In our setup we find ourselves in the situation where the spin correlations are included exactly (for doubly resonant topologies at LO to be more precise) in the “on-shell” as well as the “off-shell” data set. In particular, the “on-shell” data include it thanks to the decays being modelled with the MadSpin method of Ref. [123]. Consequently the neural network does not need to worry about those. We added a note just before reference [123].

Furthermore, interference contributions between top-quark pair events and non-resonant continuum contributions can not be differentiated which will be necessary for accurate simulations.

The non-resonant contributions, as well as their interference with the resonant ones, are included in the “off-shell” data set. All the distributions that we investigated confirm that these contributions are correctly captured by our diffusion neural network + classifier setup. Note in particular the high tail of the m_lb distribution which is sensitive to both the single top contribution and its interference with tt~.

However, the authors fail to discuss these at all. Secondly, the motivation of the authors was to provide a method that could be employed to speed-up the event generation for future LHC simulations. The study presented here is performed with unweighted events at leading-order accuracy without taking into account further effects from parton showers. In consequence, the generative direct diffusion network is employed to generate hard events with off-shell kinematics, which still need to be interfaced with parton shower programs.
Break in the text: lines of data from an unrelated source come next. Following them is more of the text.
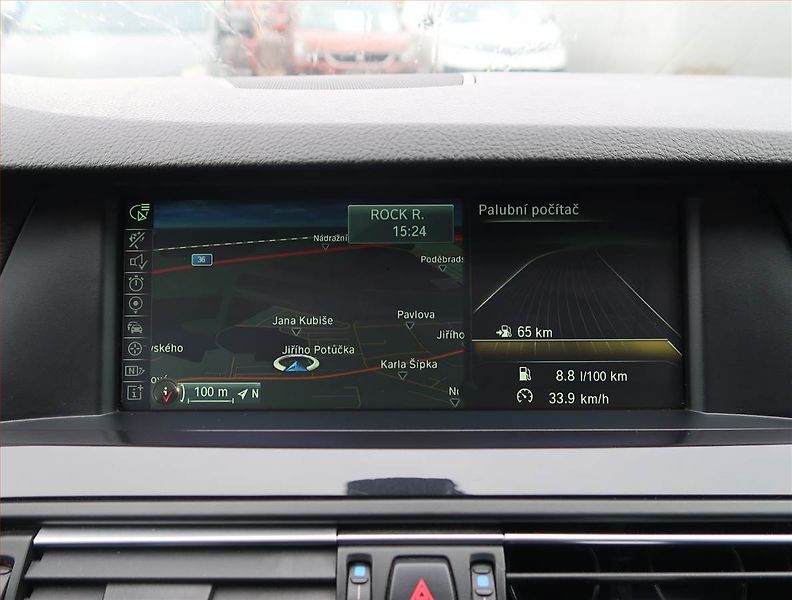 BMW Řada 5 (2013) 520d, Automat, Navi, Xenony - fotka 17 z 27
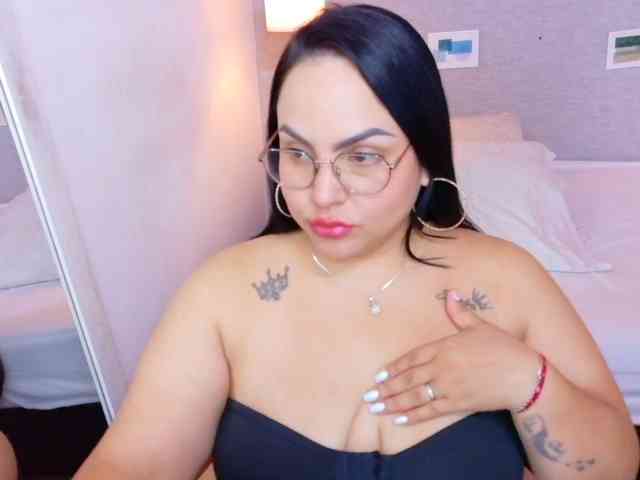curvy-sexyvalen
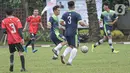 Pertandingan sepak bola dalam rangkaian HUT Gerindra ke-15 di Lapangan Sepak bola DPR RI, Jakarta, Selasa (31/1/2023). Sejumlah kegiatan dilaksanakan dalam rangkaian HUT Gerinda Ke-15 yang digelar sederhana dan tidak secara foya-foya. (Liputan6.com/Faizal Fanani)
To this end, additional information besides the momenta is necessary. Foremost, colorflow configurations and resonance histories need to be supplied. Providing the latter information solely based on momentum information is a challenging task and might diminish the accuracy of the predictions.
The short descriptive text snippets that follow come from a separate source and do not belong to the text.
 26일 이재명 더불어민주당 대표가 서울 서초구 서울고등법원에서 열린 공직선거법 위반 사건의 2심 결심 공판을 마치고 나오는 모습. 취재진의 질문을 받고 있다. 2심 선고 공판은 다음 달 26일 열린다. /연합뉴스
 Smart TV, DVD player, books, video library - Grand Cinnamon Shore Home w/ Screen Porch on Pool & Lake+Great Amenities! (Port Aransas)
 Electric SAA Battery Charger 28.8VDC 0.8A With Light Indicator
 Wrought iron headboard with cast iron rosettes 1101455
The colourflow configurations in our prediction can be trivially inherited from the “on-shell” data set. This is because in its default setup, the bb4l generator, used to generate the “off-shell” data set, does not consider colorflow configurations of the singly resonant contributions and the contribution due to non-resonant topologies, projected out using its default resonance history projectors, is suppressed by several orders of magnitude.
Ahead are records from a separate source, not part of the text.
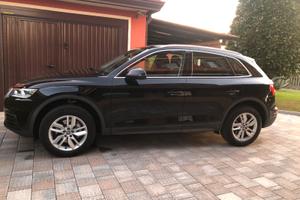 Audi Q5 190 cv 2.0 Diesel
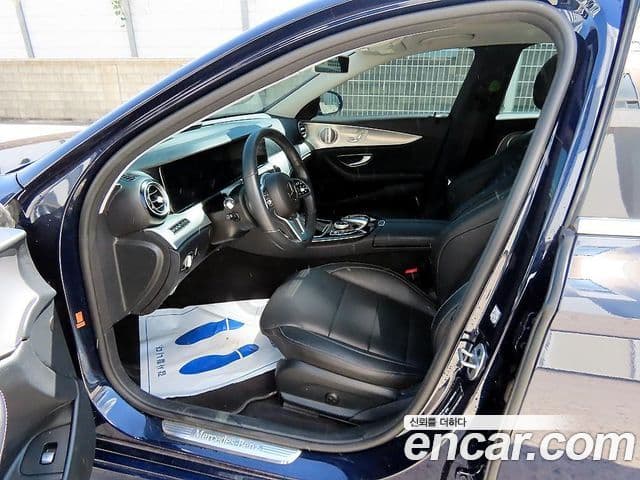 Mercedes-Benz E-Class 2020 — Фото 4/20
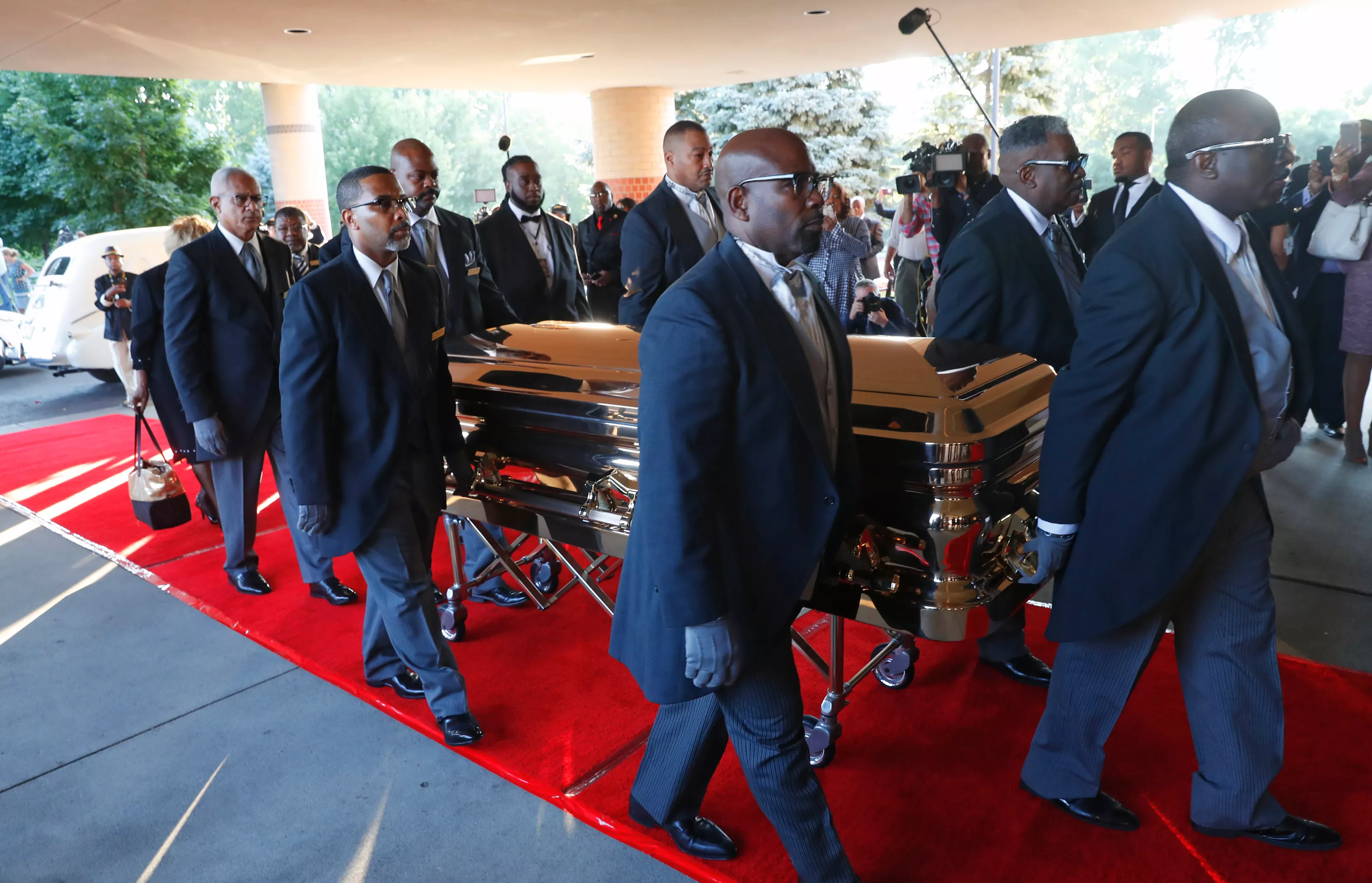 Storstilt maratonbegravelse for Aretha Franklin i Detroit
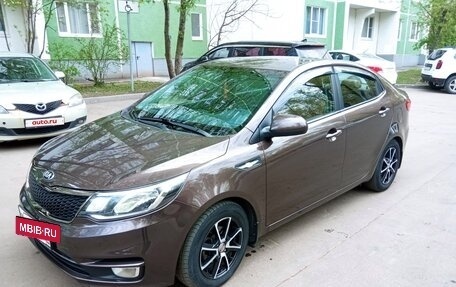 KIA Rio III рестайлинг, 2015 год, 1 500 000 рублей, 2 фотография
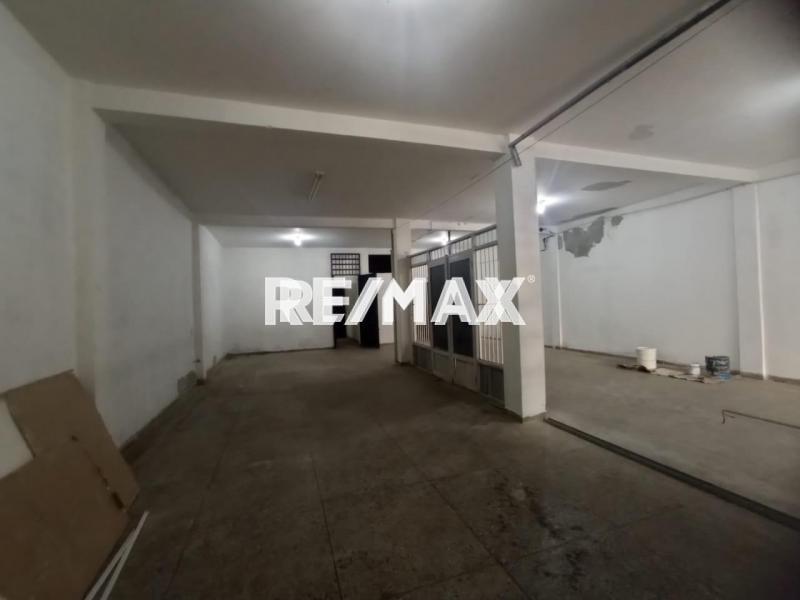 En Venta Edificio Calle Arismendi, Punto Fijo Municipio Carirubana, Estado Falcon. VEN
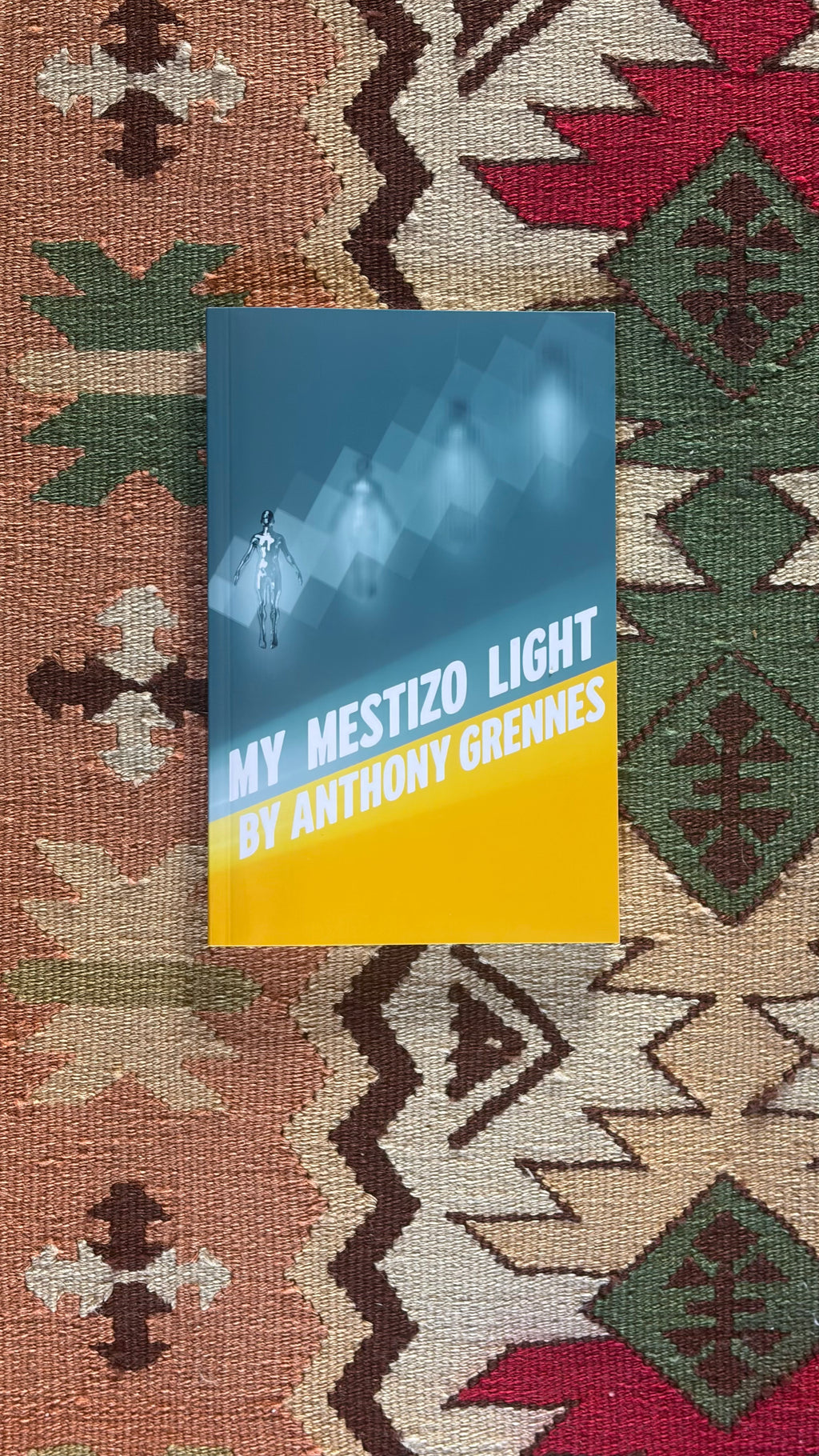 My Mestizo Light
For example, in arXiv:1607.04538 it has been reported that the proper choice of resonance history is essential to obtain accurate predictions. For the same reasons, all events in our prediction can simply be attributed to the tt~ resonance history. Guessing from the final momentum configurations can lead to disastrous results.

According to Fig. 18 in arXiv:1607.04538, and the corresponding description, the resonance histories can be reconstructed from final momentum configurations very reliably.

The authors do not address these issues at all. At last, the precursor article (arXiv:2305.10465) already includes already a more complete study. In the previous article, hadronic Z-boson production up to 3 jets including parton shower effects, hadronization and multi-jet merging has been considered. It clearly, demonstrates that it is possible to push the direct diffusion method all the way to the end of the simulations. I wonder why the authors decided to work at the level of the hard scattering events instead of the 'final product' as it would have eliminated the problem of parton shower initial conditions completely.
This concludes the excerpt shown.